Carol Sinclair of Walfre, a long-time resident of Mazatlan, took me to a golf course home owned by friends of hers to get an idea of the lifestyle here. Owners Tim and Nancy Rumsey have mostly said goodbye to cold winters up north, only flying home to visit relatives now and then. Between golf, cultural activities, and social engagements they express the retired expat’s refrain, “We seem to be busier since we moved here than we were before we came to Mazatlan.”
They like the mix of cultures, the sunny weather, and the ease of life here, including the ability to have a maid cleaning up all week. Being in a spot like this, “We haven’t had much trouble getting people to come visit us.”
See more at El Cid Real Estate for new offerings or check local agency sites for resales.
On the Beach or in Old Mazatlan
Carol from Walfre also wanted me to see what luxury living with an ocean view was like, so we visited a condo of 3,000 square feet at the 360 Tower, a high-rise with only 27 units. Everything is high-level here, from the fingerprint recognition entrance to the elevator opening just for you on your floor. A showpiece kitchen, garage space, three bedrooms, office, and laundry room are inside, while the balconies look down on the beach and community pool—and out at a panoramic ocean view. The unit is listed at $725,000.
You have plenty of other developments to choose from either finished or going up right on the beach, with low-end two-bedroom units starting at just under $200,000 and climbing up from there. Entry price units tend to be narrow, with smaller balconies, but in Mazatlan even these usually have granite counters, custom tile work, 24-hour security, and parking. A larger budget gets more space, a view from more rooms, and possibly a penthouse with a roof terrace.
Mazatlan has spread out like an oozing blob over the years, reaching its fingers further down the coast to what is now called “New Mazatlan.” More big developments are on paper for Stone Island and land further to the south once the economy turns around. This city has never been as congested as Puerto Vallarta or Acapulco though and with no big mountains right on the shore creating barriers, you don’t have the traffic nightmare of those two cities (or their counterparts across the border in the U.S.)
Some buyers ignore all the new development anyway and go for the original part of town, the area with the most character. They may enjoy a round of golf or a dip in the ocean now and then, but they prefer the ambiance and aesthetic benefits of Old Mazatlan, the heart of the city for two centuries. It has benefitted from a wave of renovation and rejuvenation in recent times. The foreigners who live in this area love being able to skip the roads altogether and walk to dozens of cafes, restaurants, bars, and entertainment centers—including the lovely rebuilt Angela Peralta Theater.

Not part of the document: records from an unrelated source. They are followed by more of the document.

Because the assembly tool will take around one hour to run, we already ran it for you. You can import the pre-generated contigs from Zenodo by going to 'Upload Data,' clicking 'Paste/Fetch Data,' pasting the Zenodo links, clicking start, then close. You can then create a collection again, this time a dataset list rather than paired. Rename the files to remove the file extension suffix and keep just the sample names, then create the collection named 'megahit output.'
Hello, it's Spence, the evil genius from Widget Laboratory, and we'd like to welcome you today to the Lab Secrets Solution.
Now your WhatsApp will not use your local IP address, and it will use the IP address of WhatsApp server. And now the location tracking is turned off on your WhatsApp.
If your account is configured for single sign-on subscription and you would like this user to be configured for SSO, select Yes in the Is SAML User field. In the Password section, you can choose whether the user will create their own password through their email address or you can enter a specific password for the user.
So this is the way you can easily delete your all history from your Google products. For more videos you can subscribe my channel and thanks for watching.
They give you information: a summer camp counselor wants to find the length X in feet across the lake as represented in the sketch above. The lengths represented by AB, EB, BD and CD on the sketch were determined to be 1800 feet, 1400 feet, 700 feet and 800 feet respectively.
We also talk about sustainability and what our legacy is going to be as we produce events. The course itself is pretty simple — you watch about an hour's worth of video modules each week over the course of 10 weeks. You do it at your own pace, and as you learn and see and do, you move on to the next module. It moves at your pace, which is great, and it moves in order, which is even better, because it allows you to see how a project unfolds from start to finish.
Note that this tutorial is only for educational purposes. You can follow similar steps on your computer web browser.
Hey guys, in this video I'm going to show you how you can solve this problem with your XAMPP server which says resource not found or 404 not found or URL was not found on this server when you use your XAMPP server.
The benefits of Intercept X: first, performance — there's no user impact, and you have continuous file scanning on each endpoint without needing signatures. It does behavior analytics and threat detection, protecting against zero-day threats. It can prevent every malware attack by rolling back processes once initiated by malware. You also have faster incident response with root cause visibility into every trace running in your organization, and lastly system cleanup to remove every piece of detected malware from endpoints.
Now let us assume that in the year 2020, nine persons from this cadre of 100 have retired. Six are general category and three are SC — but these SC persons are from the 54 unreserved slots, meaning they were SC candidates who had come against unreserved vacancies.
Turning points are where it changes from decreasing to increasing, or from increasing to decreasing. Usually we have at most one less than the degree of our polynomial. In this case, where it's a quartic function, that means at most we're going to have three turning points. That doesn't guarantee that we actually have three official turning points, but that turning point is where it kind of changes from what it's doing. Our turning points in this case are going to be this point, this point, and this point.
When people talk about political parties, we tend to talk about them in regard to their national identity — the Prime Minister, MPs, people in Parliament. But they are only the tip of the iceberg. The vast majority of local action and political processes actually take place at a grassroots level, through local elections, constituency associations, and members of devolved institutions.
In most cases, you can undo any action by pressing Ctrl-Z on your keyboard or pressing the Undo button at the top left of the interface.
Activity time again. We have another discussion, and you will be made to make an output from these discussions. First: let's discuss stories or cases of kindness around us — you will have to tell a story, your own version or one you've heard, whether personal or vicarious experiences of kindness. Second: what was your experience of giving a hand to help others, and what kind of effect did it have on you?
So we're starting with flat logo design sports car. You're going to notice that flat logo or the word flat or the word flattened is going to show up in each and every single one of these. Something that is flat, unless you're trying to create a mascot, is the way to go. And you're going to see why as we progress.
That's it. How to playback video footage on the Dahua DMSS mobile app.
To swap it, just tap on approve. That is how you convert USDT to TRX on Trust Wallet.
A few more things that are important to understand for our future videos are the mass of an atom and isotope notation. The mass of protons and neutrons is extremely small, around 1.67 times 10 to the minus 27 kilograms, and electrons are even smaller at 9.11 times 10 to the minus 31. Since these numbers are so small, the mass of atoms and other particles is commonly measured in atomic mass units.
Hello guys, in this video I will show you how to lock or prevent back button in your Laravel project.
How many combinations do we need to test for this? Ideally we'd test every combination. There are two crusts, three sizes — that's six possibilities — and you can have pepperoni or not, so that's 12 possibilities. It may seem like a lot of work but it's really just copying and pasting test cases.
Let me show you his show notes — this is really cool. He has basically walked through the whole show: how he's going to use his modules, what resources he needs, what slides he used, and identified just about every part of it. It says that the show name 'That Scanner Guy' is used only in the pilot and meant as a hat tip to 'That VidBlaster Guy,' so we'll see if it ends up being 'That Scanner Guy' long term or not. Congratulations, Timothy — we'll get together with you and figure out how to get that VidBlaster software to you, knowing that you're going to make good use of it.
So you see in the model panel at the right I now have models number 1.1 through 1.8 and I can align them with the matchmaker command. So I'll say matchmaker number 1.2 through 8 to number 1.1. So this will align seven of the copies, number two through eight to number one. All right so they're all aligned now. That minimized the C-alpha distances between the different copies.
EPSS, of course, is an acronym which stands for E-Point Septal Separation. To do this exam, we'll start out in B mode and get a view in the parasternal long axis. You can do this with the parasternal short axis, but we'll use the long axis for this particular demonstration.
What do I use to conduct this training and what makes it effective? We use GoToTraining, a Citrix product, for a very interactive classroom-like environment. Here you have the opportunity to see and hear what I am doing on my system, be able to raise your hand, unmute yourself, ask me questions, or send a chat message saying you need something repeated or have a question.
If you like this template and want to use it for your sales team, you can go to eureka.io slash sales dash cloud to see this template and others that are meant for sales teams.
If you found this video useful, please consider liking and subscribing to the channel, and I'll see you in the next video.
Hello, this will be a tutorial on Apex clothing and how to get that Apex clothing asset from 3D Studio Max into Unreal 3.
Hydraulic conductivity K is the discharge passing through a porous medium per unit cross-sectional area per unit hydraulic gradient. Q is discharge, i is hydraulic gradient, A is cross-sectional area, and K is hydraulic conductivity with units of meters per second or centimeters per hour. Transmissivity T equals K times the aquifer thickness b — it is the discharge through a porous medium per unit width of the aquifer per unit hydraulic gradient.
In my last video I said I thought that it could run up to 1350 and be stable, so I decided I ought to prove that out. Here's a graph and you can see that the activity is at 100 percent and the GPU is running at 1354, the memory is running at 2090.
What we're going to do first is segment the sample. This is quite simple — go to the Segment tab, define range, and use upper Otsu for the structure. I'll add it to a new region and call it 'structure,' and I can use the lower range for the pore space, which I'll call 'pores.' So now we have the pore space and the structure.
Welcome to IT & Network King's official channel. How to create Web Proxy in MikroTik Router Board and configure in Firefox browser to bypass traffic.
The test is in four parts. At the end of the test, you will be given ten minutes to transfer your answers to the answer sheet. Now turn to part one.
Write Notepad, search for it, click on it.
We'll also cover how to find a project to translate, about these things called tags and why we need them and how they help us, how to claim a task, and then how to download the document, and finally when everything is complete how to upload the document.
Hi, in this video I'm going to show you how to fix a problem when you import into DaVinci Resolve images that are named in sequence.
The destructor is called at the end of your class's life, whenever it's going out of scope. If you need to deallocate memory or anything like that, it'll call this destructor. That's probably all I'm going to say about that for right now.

“I have a car here, but I really only use it to load up on groceries or go to Guadalajara,” said one transplanted Texan I met at a seaside happy hour by the malecon. He finds it so cheap to hop in a pulmonia (the unique local open-air taxi) that he usually goes that route when he doesn't walk. “No parking hassles and I don’t have to watch how many beers I’ve had.”
Prices in old Mazatlan are quite reasonable compared to many other expatriate colonial hotspots around Mexico. I saw one home of 1,500 square feet, with a garage, two bedrooms, and one bath for just $120,000. It’s listed by Invest Mazatlan. They were also offering a mansion of 5,798 square feet a block from the water. It’s in move-in condition, but retaining plenty of historic details, for $500,000.
Preservation laws exist in this historic district, but their main intention is just to keep up a good face. Inside, you can choose to keep all the original walls and details intact if you’d like, but you don’t have to. You can gut a crumbling interior and rebuild to suit.
Mazatlan is not for status seekers. It is not your ideal vacation home spot if you’re looking for the swankiest shops, the most elegant restaurants, and a steady stream of Hollywood celebrities jetting in and out. For enjoying the pleasures of a seaside town with fresh seafood, year-round golf, and superb fishing, however, this beach resort area may be your paradise.